START MATERIAL PROVIDED
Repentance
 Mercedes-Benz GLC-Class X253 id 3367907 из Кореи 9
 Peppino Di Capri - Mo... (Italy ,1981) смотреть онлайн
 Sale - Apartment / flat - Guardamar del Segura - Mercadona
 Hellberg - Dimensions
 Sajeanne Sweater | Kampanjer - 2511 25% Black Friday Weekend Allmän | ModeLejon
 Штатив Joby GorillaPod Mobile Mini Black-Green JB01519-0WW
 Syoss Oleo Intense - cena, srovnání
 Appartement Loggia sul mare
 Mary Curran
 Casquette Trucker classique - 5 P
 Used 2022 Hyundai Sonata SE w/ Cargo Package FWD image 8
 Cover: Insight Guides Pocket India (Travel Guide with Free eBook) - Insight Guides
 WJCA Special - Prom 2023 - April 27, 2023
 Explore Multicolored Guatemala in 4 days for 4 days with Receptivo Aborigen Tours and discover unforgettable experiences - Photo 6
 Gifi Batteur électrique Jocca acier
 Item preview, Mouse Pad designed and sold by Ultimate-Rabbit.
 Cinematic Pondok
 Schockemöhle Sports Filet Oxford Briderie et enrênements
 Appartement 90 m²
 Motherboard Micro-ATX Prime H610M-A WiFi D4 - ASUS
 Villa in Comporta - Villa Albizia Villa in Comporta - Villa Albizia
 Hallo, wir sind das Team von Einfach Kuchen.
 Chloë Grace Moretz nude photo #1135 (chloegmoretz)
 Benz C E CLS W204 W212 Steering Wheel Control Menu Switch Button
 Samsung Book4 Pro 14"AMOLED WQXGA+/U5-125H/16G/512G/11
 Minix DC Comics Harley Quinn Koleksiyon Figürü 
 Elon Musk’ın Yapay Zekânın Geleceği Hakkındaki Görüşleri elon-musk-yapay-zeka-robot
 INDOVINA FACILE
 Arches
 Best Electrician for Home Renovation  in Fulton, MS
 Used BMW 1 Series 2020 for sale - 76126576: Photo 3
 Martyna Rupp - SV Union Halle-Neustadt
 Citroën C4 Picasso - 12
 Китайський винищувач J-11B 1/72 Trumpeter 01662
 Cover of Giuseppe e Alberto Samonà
END MATERIAL PROVIDED
TASK GOAL:
After reading the data above, return it verbatim in full.

RESULT FOR THIS TASK:
Repentance
 Mercedes-Benz GLC-Class X253 id 3367907 из Кореи 9
 Peppino Di Capri - Mo... (Italy ,1981) смотреть онлайн
 Sale - Apartment / flat - Guardamar del Segura - Mercadona
 Hellberg - Dimensions
 Sajeanne Sweater | Kampanjer - 2511 25% Black Friday Weekend Allmän | ModeLejon
 Штатив Joby GorillaPod Mobile Mini Black-Green JB01519-0WW
 Syoss Oleo Intense - cena, srovnání
 Appartement Loggia sul mare
 Mary Curran
 Casquette Trucker classique - 5 P
 Used 2022 Hyundai Sonata SE w/ Cargo Package FWD image 8
 Cover: Insight Guides Pocket India (Travel Guide with Free eBook) - Insight Guides
 WJCA Special - Prom 2023 - April 27, 2023
 Explore Multicolored Guatemala in 4 days for 4 days with Receptivo Aborigen Tours and discover unforgettable experiences - Photo 6
 Gifi Batteur électrique Jocca acier
 Item preview, Mouse Pad designed and sold by Ultimate-Rabbit.
 Cinematic Pondok
 Schockemöhle Sports Filet Oxford Briderie et enrênements
 Appartement 90 m²
 Motherboard Micro-ATX Prime H610M-A WiFi D4 - ASUS
 Villa in Comporta - Villa Albizia Villa in Comporta - Villa Albizia
 Hallo, wir sind das Team von Einfach Kuchen.
 Chloë Grace Moretz nude photo #1135 (chloegmoretz)
 Benz C E CLS W204 W212 Steering Wheel Control Menu Switch Button
 Samsung Book4 Pro 14"AMOLED WQXGA+/U5-125H/16G/512G/11
 Minix DC Comics Harley Quinn Koleksiyon Figürü 
 Elon Musk’ın Yapay Zekânın Geleceği Hakkındaki Görüşleri elon-musk-yapay-zeka-robot
 INDOVINA FACILE
 Arches
 Best Electrician for Home Renovation  in Fulton, MS
 Used BMW 1 Series 2020 for sale - 76126576: Photo 3
 Martyna Rupp - SV Union Halle-Neustadt
 Citroën C4 Picasso - 12
 Китайський винищувач J-11B 1/72 Trumpeter 01662
 Cover of Giuseppe e Alberto Samonà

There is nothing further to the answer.